● TASK TO CARRY OUT
When the listing below reaches the line that has "Each version has", start reproducing exactly; stop after the line that has "Using the same", and drop the pictures.

☆ ☆ ☆

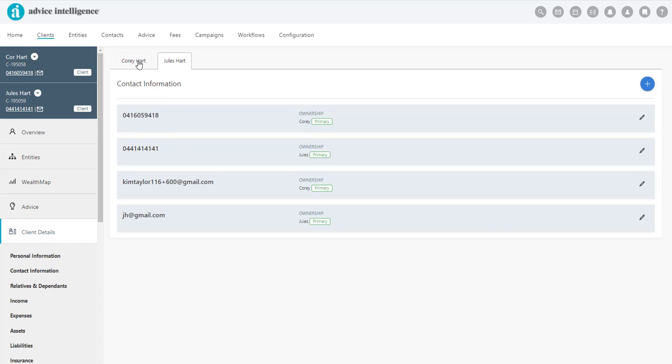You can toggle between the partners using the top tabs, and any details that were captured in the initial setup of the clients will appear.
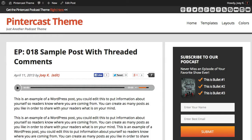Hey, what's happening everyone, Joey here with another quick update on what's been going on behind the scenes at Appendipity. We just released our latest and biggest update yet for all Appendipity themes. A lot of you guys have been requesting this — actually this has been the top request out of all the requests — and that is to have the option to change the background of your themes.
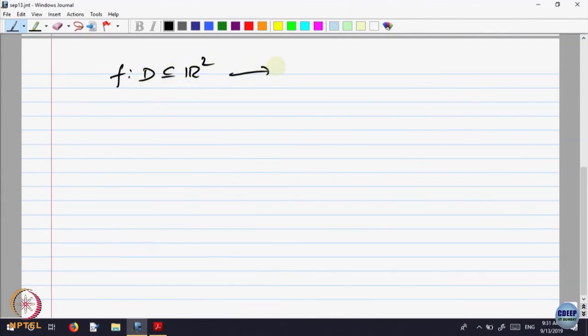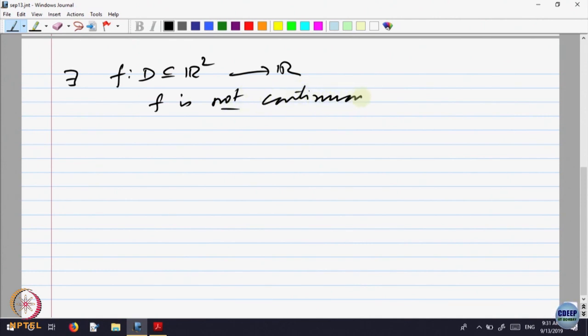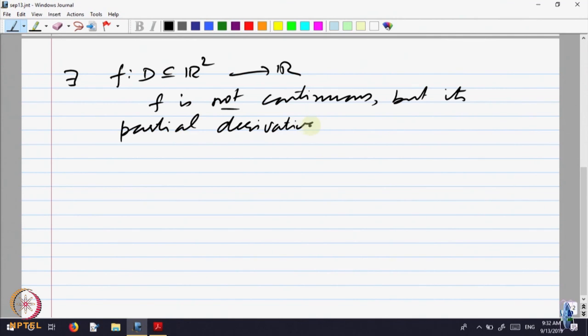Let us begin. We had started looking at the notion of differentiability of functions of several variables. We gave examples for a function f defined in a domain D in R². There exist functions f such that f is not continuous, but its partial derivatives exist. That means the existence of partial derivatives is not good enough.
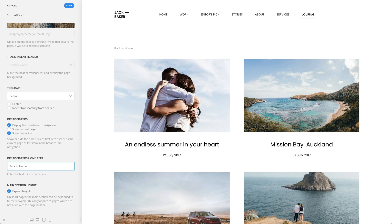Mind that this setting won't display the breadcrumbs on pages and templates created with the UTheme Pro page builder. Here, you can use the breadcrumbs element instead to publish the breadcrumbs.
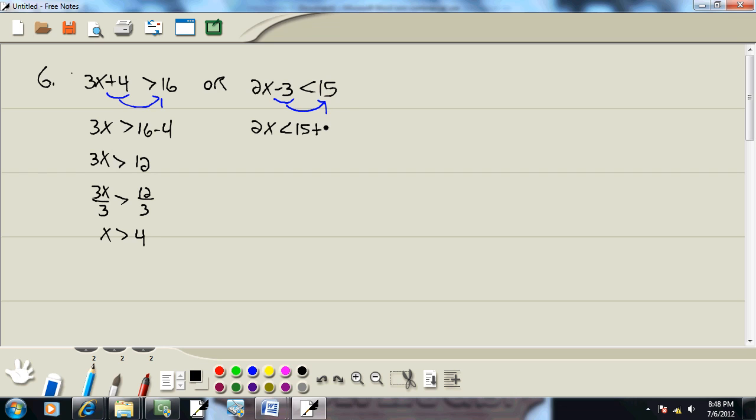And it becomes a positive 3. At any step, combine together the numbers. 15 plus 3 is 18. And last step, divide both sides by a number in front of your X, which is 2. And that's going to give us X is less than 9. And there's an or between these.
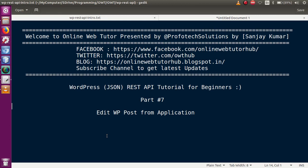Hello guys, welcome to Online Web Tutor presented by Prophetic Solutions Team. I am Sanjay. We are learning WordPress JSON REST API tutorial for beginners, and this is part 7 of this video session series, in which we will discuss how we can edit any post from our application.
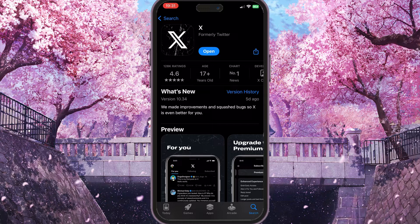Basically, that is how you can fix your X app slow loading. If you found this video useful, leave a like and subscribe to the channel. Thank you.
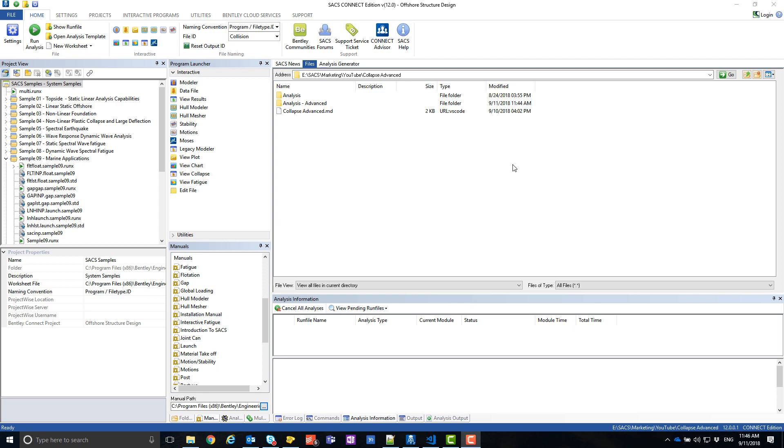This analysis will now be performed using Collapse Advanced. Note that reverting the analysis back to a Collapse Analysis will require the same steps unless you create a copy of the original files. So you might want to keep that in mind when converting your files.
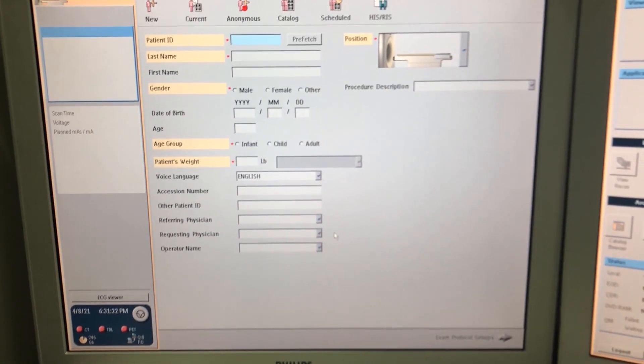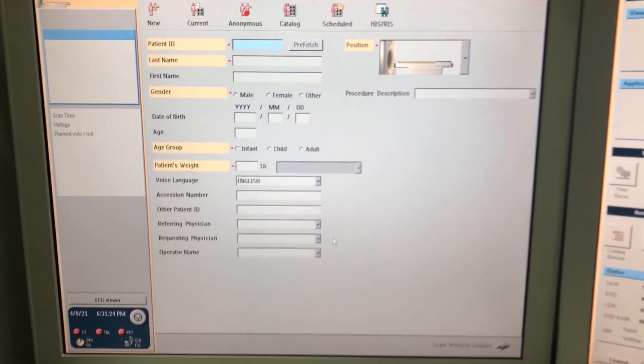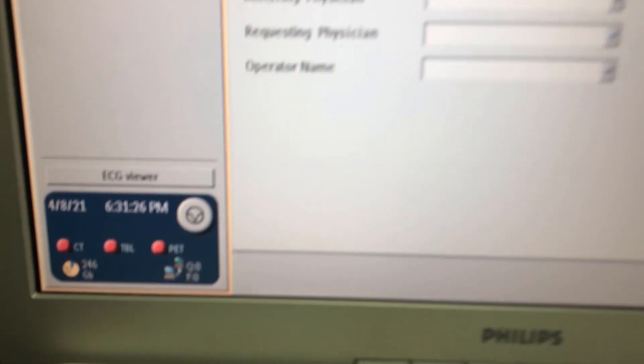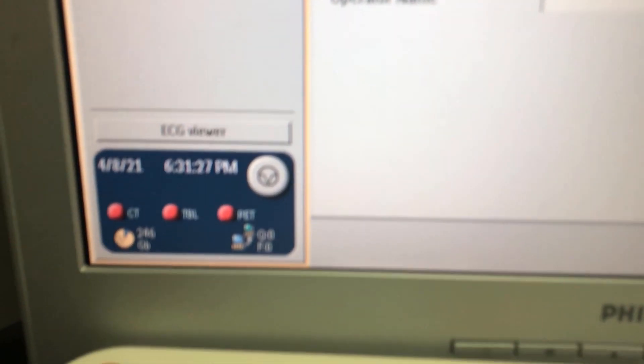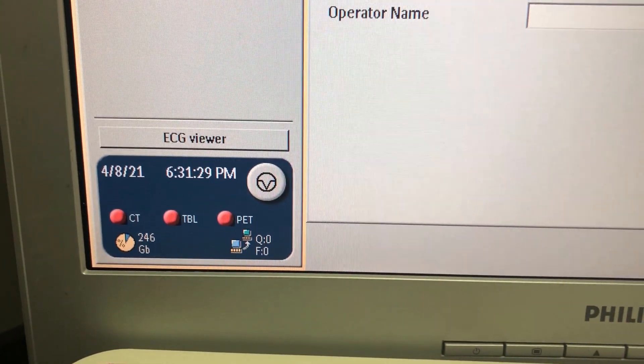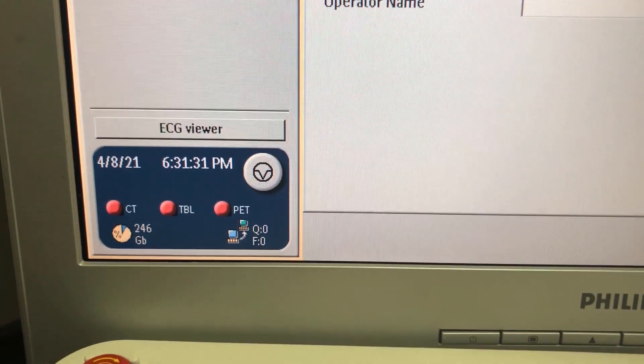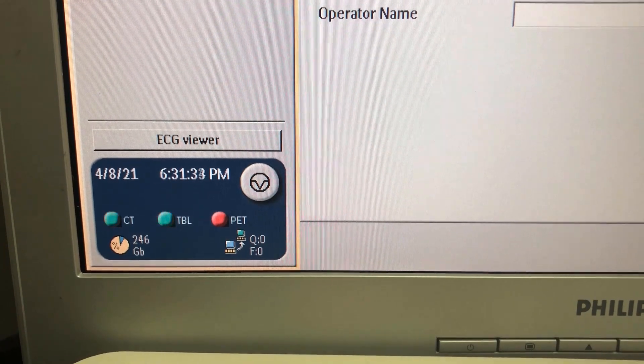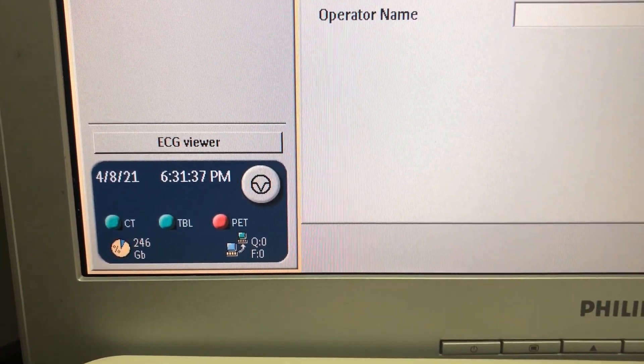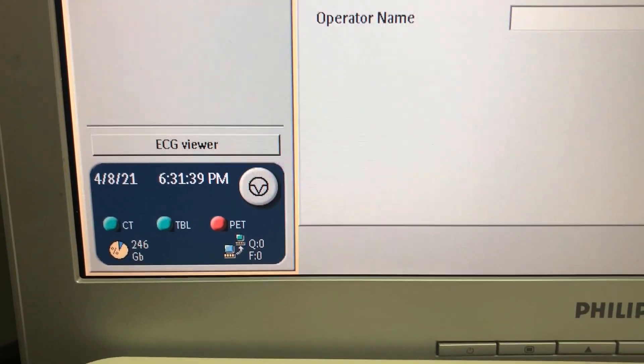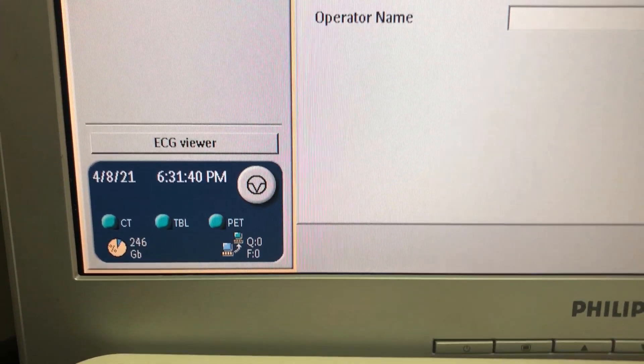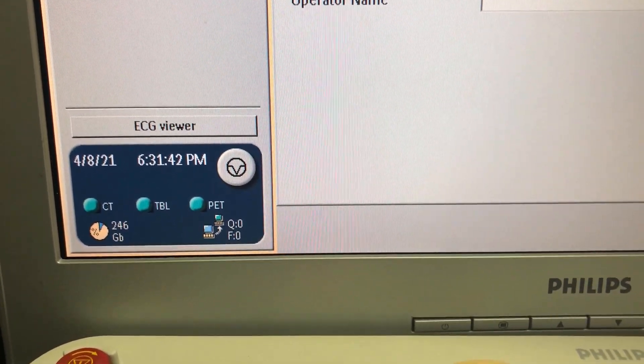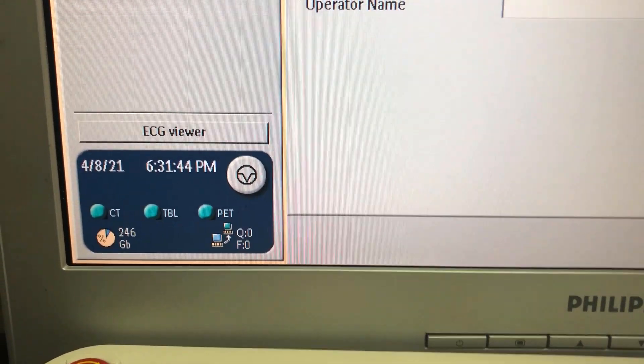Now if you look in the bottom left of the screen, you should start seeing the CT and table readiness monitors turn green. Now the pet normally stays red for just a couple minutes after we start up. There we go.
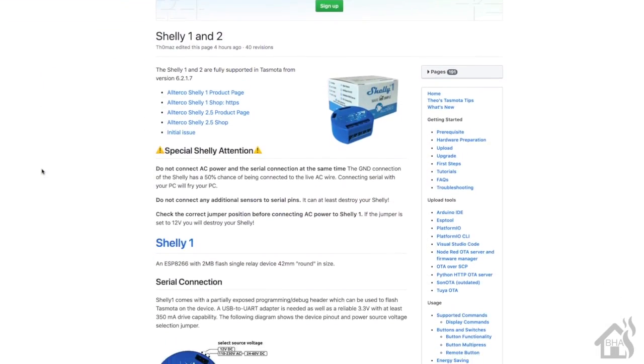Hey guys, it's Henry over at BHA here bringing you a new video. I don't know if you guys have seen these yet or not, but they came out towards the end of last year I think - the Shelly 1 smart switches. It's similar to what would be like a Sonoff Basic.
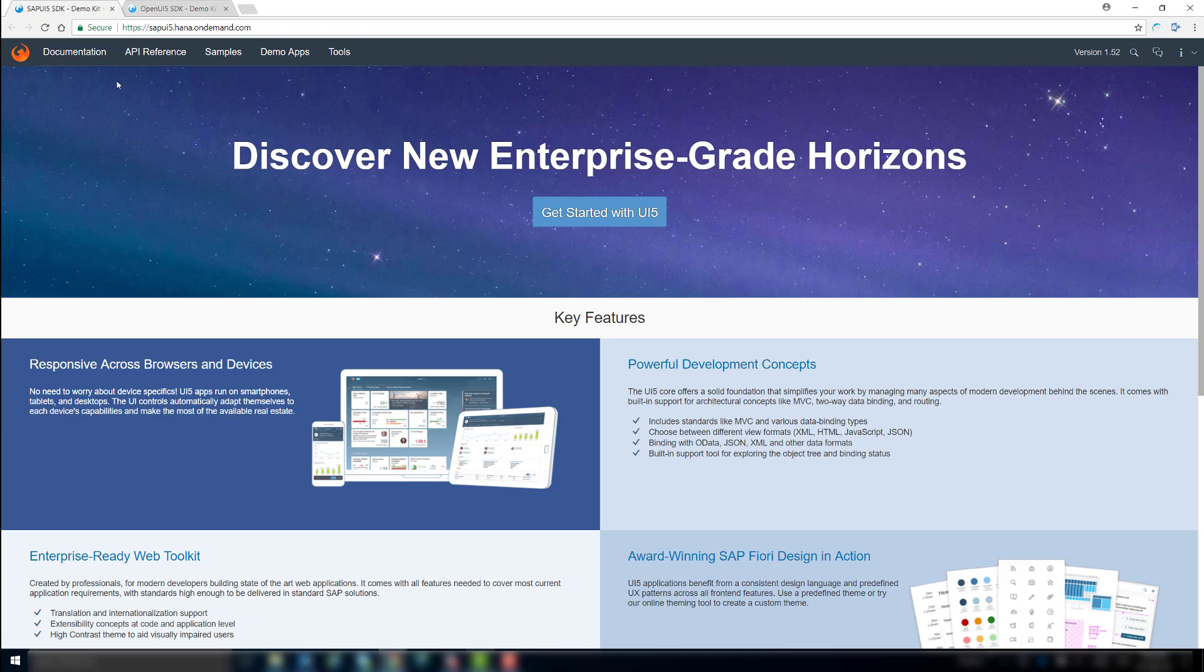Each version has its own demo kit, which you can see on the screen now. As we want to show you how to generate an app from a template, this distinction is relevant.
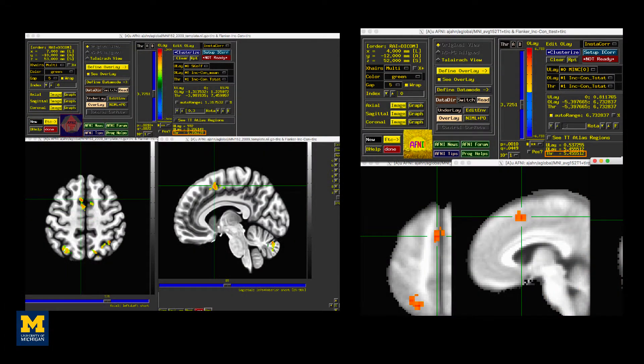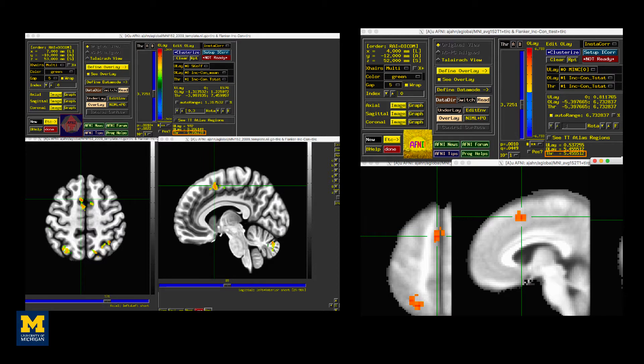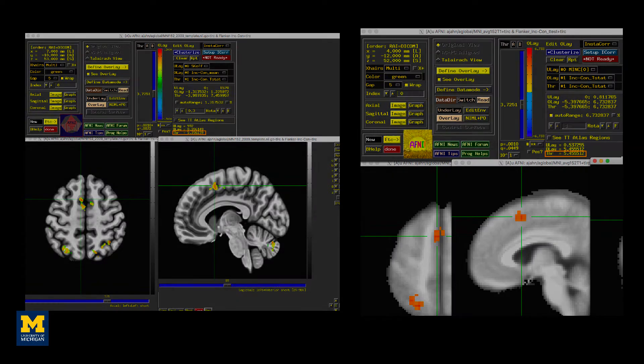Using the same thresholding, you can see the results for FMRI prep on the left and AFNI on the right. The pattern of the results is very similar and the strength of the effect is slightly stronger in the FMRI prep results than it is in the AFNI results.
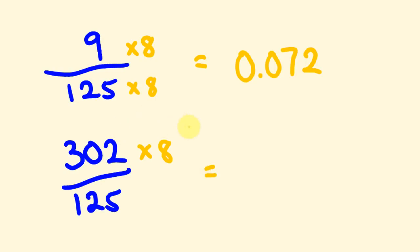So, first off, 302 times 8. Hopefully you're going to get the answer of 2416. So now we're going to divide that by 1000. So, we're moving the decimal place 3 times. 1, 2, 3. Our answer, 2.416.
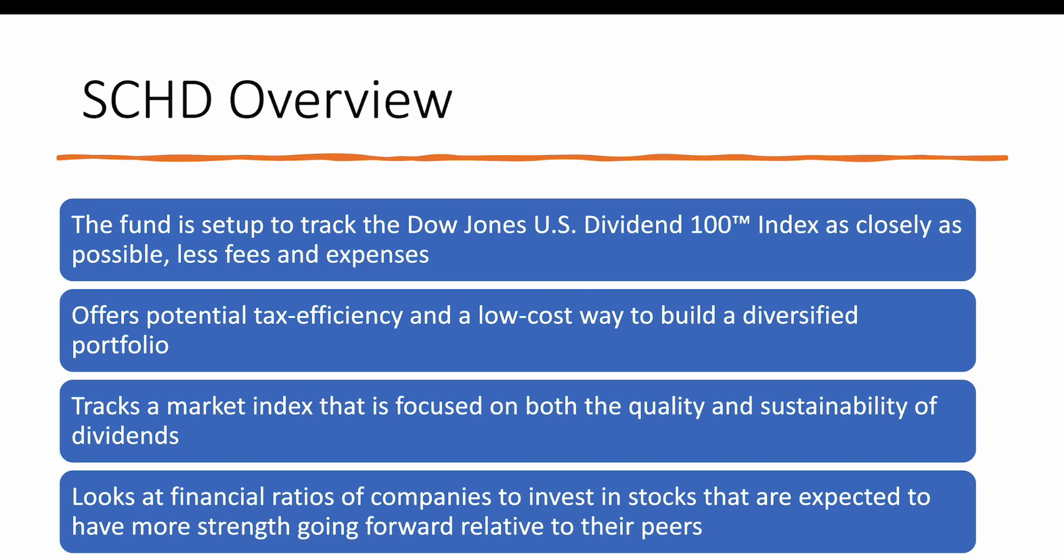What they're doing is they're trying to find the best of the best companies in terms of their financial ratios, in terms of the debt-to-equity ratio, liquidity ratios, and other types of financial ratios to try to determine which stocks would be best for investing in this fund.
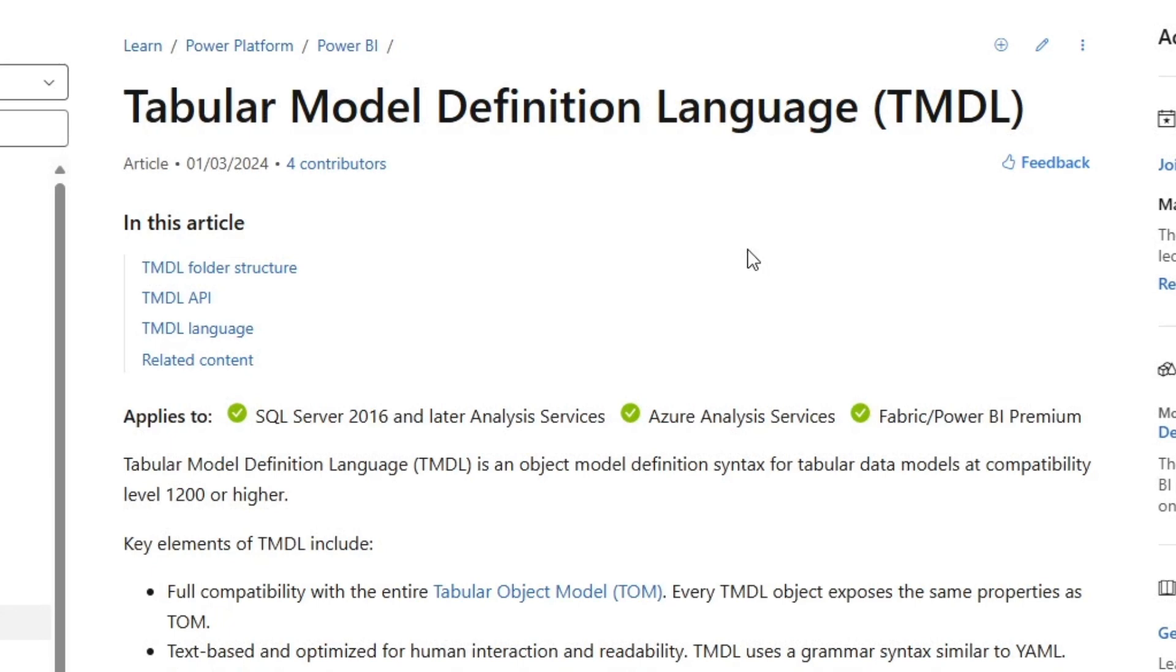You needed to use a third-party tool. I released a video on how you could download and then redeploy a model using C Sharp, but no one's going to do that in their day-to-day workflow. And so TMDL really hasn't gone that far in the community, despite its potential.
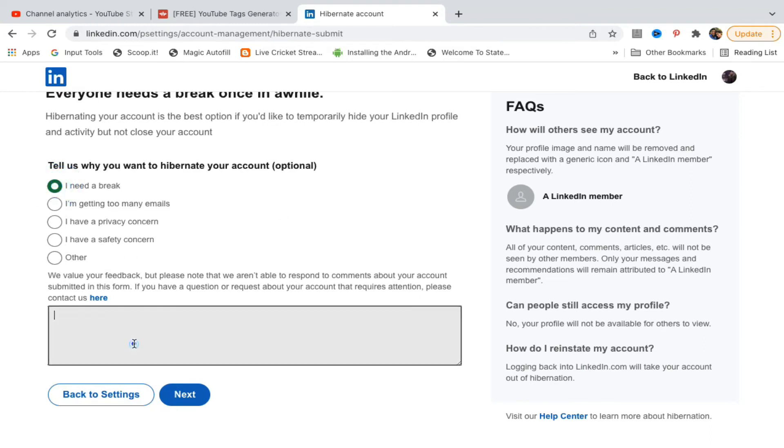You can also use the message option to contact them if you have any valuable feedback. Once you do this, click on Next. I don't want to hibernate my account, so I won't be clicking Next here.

☆ ☆ ☆

● RESPONSE TO THIS EXERCISE
Each version has its own demo kit, which you can see on the screen now. As we want to show you how to generate an app from a template, this distinction is relevant.
Using the same thresholding, you can see the results for FMRI prep on the left and AFNI on the right. The pattern of the results is very similar and the strength of the effect is slightly stronger in the FMRI prep results than it is in the AFNI results.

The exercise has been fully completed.